Extracted data entries:
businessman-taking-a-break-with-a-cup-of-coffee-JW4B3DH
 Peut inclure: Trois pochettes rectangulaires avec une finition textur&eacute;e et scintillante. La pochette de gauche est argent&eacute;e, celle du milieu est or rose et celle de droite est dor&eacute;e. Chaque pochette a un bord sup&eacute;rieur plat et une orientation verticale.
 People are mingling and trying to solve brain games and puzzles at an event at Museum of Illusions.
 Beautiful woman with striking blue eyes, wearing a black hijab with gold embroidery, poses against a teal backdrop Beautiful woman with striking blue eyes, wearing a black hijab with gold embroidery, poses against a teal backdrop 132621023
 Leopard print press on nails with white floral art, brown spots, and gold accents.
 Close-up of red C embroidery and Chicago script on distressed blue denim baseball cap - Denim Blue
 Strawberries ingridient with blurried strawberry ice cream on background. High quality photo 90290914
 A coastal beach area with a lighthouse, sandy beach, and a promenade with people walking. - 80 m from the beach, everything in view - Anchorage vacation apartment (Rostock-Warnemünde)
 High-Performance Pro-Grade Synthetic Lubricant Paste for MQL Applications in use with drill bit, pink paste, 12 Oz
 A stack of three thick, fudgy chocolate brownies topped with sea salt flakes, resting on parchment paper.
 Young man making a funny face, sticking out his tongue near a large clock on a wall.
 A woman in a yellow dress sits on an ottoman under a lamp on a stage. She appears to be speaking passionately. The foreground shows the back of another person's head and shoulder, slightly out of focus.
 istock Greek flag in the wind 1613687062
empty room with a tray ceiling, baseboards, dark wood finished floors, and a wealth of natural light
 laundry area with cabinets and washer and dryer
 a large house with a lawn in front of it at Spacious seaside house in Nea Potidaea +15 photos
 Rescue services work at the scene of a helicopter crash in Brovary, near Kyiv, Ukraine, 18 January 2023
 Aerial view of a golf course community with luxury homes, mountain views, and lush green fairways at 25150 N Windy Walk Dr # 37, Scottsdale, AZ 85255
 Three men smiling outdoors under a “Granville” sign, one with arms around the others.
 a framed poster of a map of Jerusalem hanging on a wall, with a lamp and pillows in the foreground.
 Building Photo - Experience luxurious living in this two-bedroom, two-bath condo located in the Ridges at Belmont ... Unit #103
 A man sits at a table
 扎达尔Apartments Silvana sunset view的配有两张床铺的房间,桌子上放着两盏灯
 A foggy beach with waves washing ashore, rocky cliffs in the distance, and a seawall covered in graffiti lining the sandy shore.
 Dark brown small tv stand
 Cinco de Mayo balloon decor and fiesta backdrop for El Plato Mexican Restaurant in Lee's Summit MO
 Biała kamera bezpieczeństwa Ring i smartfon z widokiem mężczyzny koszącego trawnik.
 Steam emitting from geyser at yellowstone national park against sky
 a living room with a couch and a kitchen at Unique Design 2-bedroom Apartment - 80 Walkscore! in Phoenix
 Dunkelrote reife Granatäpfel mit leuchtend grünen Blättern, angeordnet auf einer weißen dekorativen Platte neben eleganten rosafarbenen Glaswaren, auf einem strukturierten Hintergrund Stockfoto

DIRECTIONS FOR THIS TASK –
Using the records above, copy word for word the line with "A coastal beach", the line with "Young man making", and every line between them.

EXERCISE RESPONSE –
 A coastal beach area with a lighthouse, sandy beach, and a promenade with people walking. - 80 m from the beach, everything in view - Anchorage vacation apartment (Rostock-Warnemünde)
 High-Performance Pro-Grade Synthetic Lubricant Paste for MQL Applications in use with drill bit, pink paste, 12 Oz
 A stack of three thick, fudgy chocolate brownies topped with sea salt flakes, resting on parchment paper.
 Young man making a funny face, sticking out his tongue near a large clock on a wall.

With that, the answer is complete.